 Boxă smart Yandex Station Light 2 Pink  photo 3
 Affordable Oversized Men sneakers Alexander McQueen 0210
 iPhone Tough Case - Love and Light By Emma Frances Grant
-- -- --
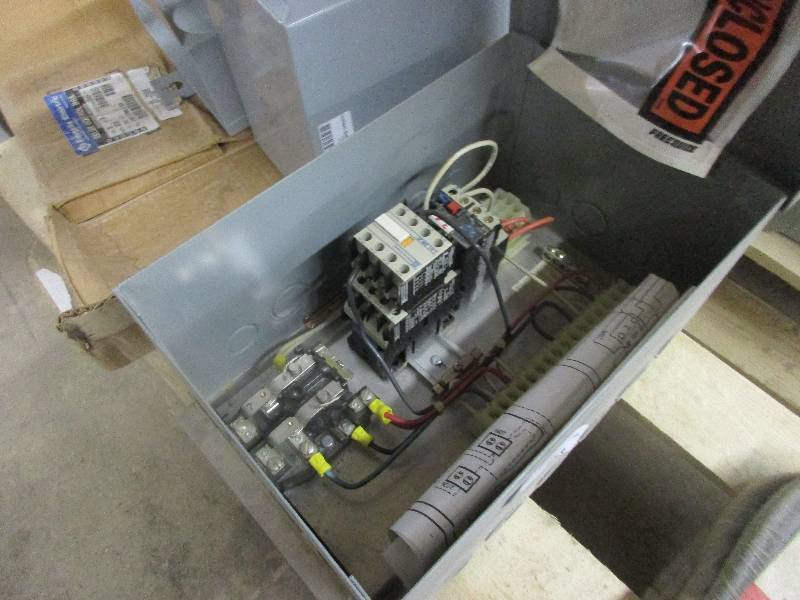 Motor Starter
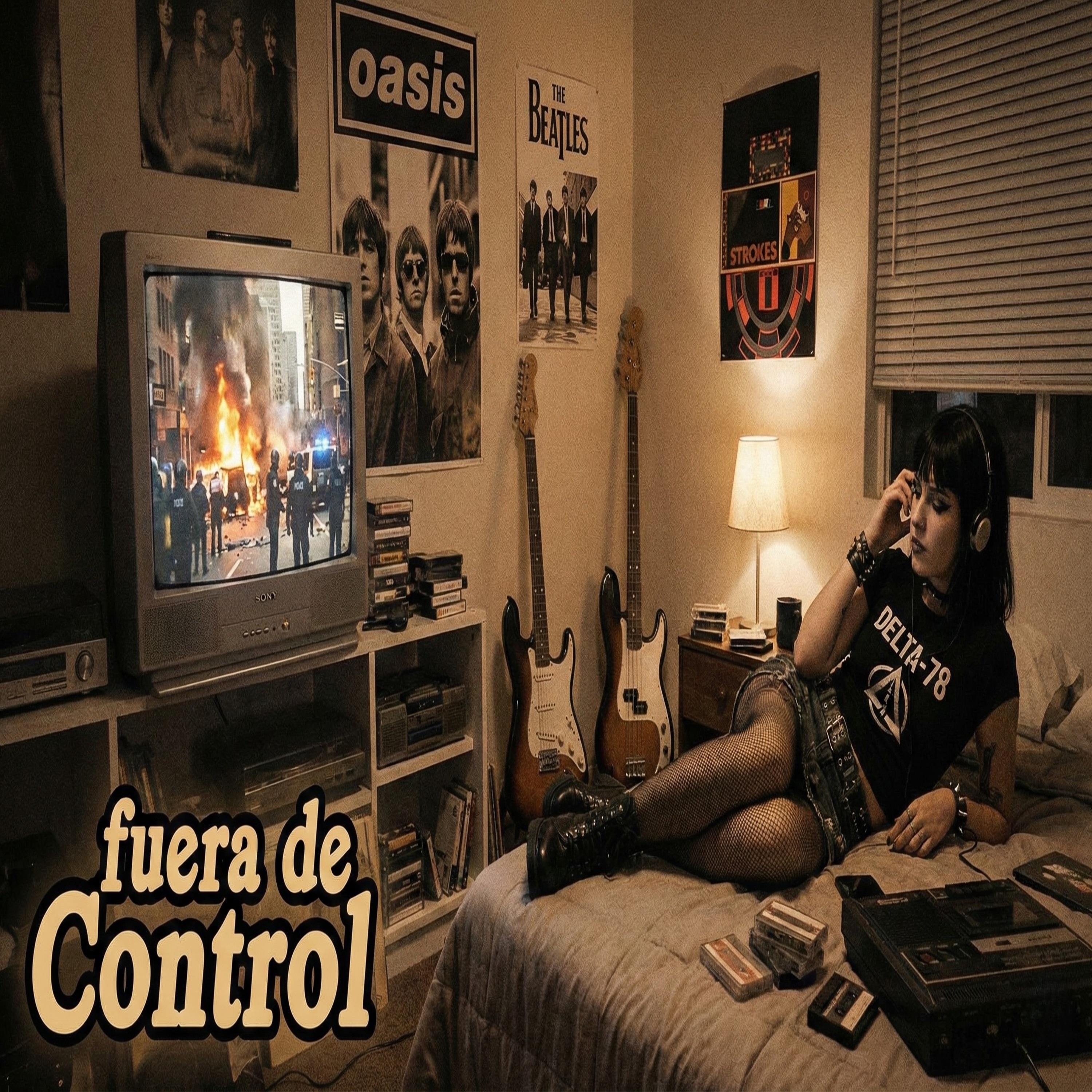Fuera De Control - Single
-- -- --
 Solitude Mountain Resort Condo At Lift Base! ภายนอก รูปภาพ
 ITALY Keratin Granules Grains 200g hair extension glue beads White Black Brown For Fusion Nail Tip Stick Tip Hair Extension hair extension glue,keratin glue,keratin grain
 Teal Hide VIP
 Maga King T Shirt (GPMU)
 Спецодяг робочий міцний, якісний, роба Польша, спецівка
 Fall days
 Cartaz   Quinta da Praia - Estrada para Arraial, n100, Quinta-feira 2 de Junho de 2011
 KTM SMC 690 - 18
-- -- --
* [Task item]: Whenever a line of the data above includes the word "Light", copy that line.

* [Completed exercise]:
 Boxă smart Yandex Station Light 2 Pink  photo 3
 iPhone Tough Case - Love and Light By Emma Frances Grant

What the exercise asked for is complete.